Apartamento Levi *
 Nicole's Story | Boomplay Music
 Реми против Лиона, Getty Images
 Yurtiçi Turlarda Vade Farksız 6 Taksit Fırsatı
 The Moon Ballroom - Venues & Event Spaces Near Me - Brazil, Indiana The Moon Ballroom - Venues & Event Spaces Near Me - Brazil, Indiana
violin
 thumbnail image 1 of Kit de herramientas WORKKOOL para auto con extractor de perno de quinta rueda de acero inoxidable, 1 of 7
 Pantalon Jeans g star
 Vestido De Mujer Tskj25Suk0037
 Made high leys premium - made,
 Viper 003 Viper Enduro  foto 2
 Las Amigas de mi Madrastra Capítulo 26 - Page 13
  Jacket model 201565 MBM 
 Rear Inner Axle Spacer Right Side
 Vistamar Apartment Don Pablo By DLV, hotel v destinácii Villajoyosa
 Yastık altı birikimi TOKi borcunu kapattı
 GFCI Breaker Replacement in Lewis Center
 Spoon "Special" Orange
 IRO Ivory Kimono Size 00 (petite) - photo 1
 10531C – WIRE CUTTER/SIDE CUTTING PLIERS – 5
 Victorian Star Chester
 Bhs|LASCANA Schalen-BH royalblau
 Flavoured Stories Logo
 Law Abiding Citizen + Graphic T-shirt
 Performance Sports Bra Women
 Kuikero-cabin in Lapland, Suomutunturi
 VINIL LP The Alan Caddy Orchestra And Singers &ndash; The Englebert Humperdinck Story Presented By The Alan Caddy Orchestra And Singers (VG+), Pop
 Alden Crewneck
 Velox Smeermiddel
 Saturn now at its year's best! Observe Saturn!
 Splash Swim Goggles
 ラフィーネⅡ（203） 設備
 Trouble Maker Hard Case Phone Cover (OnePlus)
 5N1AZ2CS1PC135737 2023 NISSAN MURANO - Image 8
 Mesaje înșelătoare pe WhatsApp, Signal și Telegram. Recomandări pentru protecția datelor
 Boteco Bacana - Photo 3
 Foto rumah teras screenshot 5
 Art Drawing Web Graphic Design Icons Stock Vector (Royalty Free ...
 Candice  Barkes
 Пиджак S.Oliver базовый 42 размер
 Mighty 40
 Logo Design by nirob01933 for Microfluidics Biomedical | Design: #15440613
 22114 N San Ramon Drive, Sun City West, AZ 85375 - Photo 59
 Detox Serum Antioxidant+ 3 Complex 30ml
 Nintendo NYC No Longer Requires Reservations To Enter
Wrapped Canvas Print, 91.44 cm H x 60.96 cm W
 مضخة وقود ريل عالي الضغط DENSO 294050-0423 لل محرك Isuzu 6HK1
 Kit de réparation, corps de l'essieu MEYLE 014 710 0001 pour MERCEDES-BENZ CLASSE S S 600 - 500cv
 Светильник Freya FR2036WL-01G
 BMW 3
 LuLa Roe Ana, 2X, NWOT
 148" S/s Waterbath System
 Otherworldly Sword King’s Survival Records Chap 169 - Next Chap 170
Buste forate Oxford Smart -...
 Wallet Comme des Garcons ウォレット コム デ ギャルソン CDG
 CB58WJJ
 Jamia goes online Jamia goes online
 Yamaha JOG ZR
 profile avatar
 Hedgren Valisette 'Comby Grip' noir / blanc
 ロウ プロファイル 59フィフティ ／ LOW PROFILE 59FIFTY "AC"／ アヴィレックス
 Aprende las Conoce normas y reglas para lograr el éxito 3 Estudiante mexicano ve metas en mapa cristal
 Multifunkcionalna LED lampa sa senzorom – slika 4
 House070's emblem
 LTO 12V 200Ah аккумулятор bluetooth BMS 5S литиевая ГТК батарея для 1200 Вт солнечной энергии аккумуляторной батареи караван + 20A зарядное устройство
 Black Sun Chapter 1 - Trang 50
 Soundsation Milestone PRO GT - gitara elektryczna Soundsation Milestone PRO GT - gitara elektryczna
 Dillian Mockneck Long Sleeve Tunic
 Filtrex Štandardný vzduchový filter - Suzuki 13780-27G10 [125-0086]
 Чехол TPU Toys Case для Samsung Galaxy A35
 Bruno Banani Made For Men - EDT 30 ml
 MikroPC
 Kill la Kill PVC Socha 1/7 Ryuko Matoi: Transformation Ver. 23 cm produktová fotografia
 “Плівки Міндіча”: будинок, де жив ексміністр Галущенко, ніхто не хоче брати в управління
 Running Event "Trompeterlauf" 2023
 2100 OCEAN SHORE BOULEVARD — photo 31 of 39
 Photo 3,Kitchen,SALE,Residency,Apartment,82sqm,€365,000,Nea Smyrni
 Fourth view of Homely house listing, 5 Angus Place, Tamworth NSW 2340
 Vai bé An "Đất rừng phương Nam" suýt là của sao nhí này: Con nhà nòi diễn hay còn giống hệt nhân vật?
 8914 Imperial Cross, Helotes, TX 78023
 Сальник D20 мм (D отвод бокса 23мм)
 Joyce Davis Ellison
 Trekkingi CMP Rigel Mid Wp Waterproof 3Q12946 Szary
====
Your goal:
The stretch of entries above that starts with the line containing "Performance Sports Bra Women" and goes on through the line containing "ラフィーネⅡ（203） 設備" is to be transcribed exactly, and no other line is to be transcribed.

Solved exercise:
 Performance Sports Bra Women
 Kuikero-cabin in Lapland, Suomutunturi
 VINIL LP The Alan Caddy Orchestra And Singers &ndash; The Englebert Humperdinck Story Presented By The Alan Caddy Orchestra And Singers (VG+), Pop
 Alden Crewneck
 Velox Smeermiddel
 Saturn now at its year's best! Observe Saturn!
 Splash Swim Goggles
 ラフィーネⅡ（203） 設備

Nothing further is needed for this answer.